I also think that when the sum of the values of the uncompleted work exceeds $100,000 you need to require the bonding for a contract in excess of $100,000. That is not clear from the FAR, but that is what makes sense to me in light of what I can glean from the FAR.

By joel hoffman on Wednesday, November 22, 2000 - 09:36 am:

Franc and Vern, as a bit of advice, I'd count the value of all uncompleted orders, when initiating or adding to a bond. Under the Miller Act, a sub, supplier or laborer can take an action against the bond several months after providing the material, labor or service. The remaining value on the task order may be far less than the claim exposure against the bond for unpaid workers, suppliers and subs or in case of default.

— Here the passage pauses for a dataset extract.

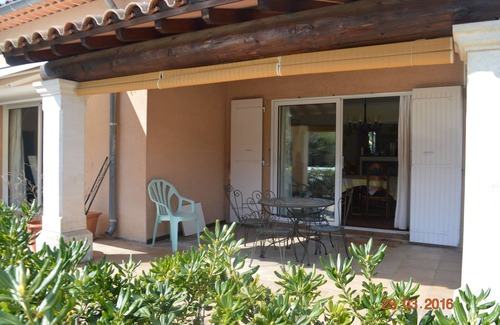 Bagnols-sur-Ceze Casa | Bonita casa con piscina y jardín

Plus, the bonding company typically calculates the premium on the total amount of the contract - for task orders, I'd include and track the total of each task order covered by the bond. Makes it much cleaner to negotiate and to administer. Bonding company keeps up with the total work covered through periodic inquiries to the Government, plus the SF 1415's and other forms we use.

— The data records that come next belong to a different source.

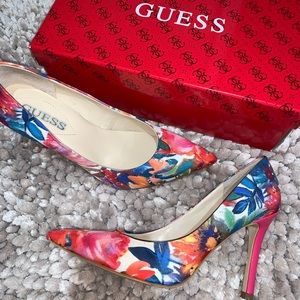 Floral Print GUESS Pumps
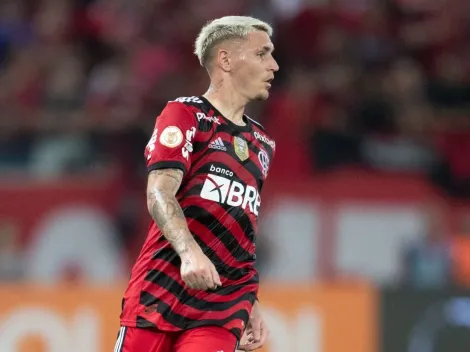 Torcedor do Flamengo rasgou elogios a Varela após grande partida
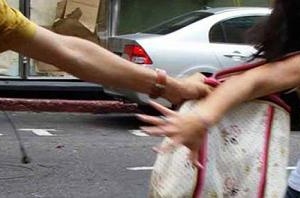 Dos a prisión por arrebatar la cartera a una mujer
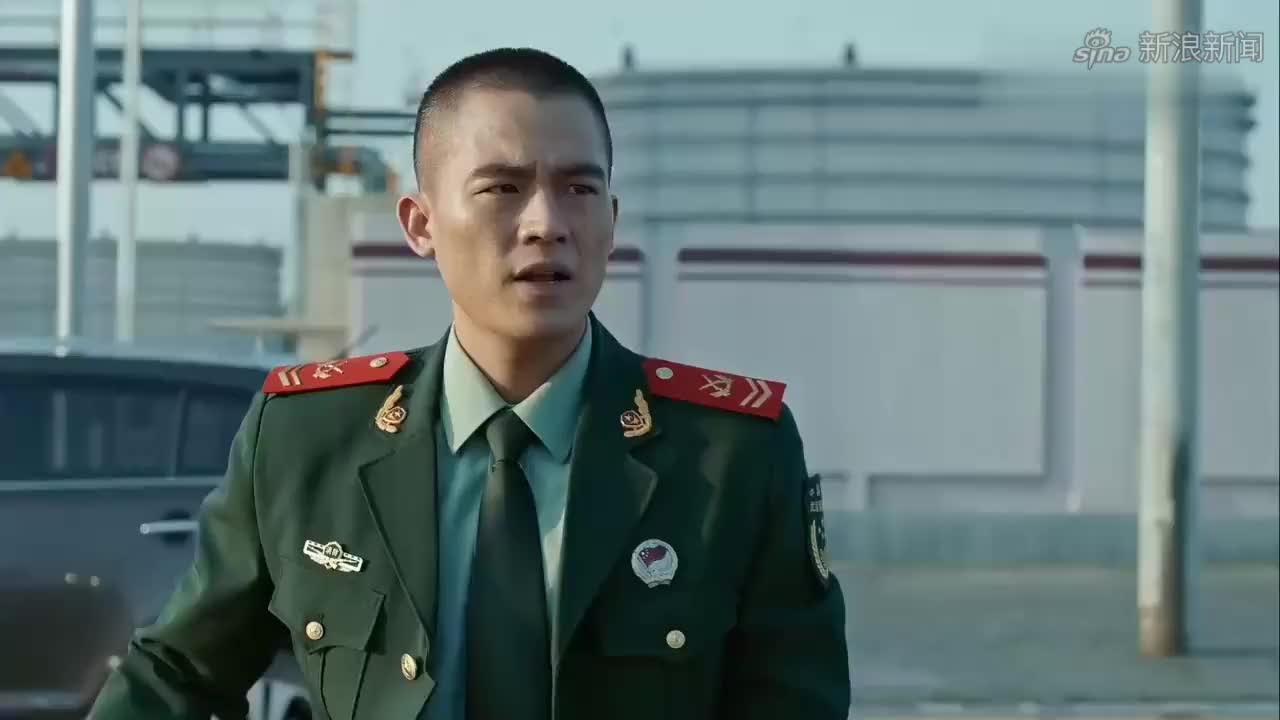 烈火英雄:结婚照还没拍完就要生离死别,杨紫欧豪演绎最美逆行者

If you have separate, alternate coverage for initial small tasks, you can separate those tasks from the bonded tasks. I believe that would be workable. Happy Sails! joel

By Vern Edwards on Wednesday, November 22, 2000 - 09:39 am:


That's good advice. Thanks.


By joel hoffman on Wednesday, November 22, 2000 - 09:40 am:

To clarify, I recommend including the total cost of task orders to be covered by the bond (not just the uncompleted amount of the task order). For task orders not covered by bond but by alternate security, keep those separate. I believe that should answer Franc's question about avoiding duplicate protections. Does this make sense? Happy Sails!

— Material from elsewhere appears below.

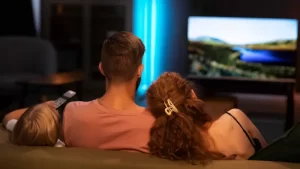 vista-posterior-familia-viendo-tv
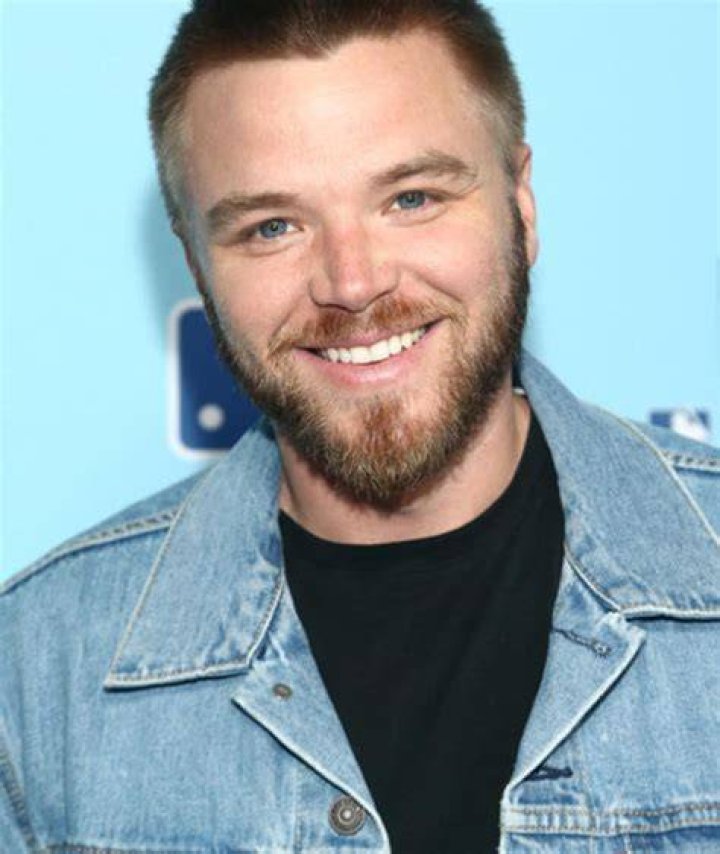 Brett Davern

By Julee McTaggart on Friday, December 08, 2000 - 07:27 pm:

I think you'll be interested in FAR clause 52.228-15, Performance and Payment Bonds -- Construction. I quote from the definitions paragraph -"ORIGINAL CONTRACT PRICE means the award price of the contract; or, for requirements contracts, the price payable for the estimated total quantity; or for indefinite-quantity contracts, the price payable for the specified minimum quanity. Original contract price does not include the price of any options, except those options exercised at the time of contract award."

Hope this helps.


By joel hoffman on Saturday, December 09, 2000 - 08:44 am:

Julee, the wording in the clause would logically indicate that the bond isn't required until the contract amount, as measured by task orders, exceeds the Miller Act threshold of $100k. If alternate coverage was provided for initial task orders below the threshold, I wouldn't count those totals in the threshold amount, as there is already some protection provided by the alternative approaches. I'd apply the bond only to the remaining task orders.

If all follow-on task orders are below $100k, I suppose you could treat each as a separate contract, forego bonds, and use alternative protection. That would be cumbersome, though.

I just received some material from the Surety Information Office. This information reminded me that claimants under a payment bond must file a claim no sooner than 90 days after the last material or labor were furnished and no later than 1 year after that date. Therefore, I'd repeat my 22 November 2000 clarification.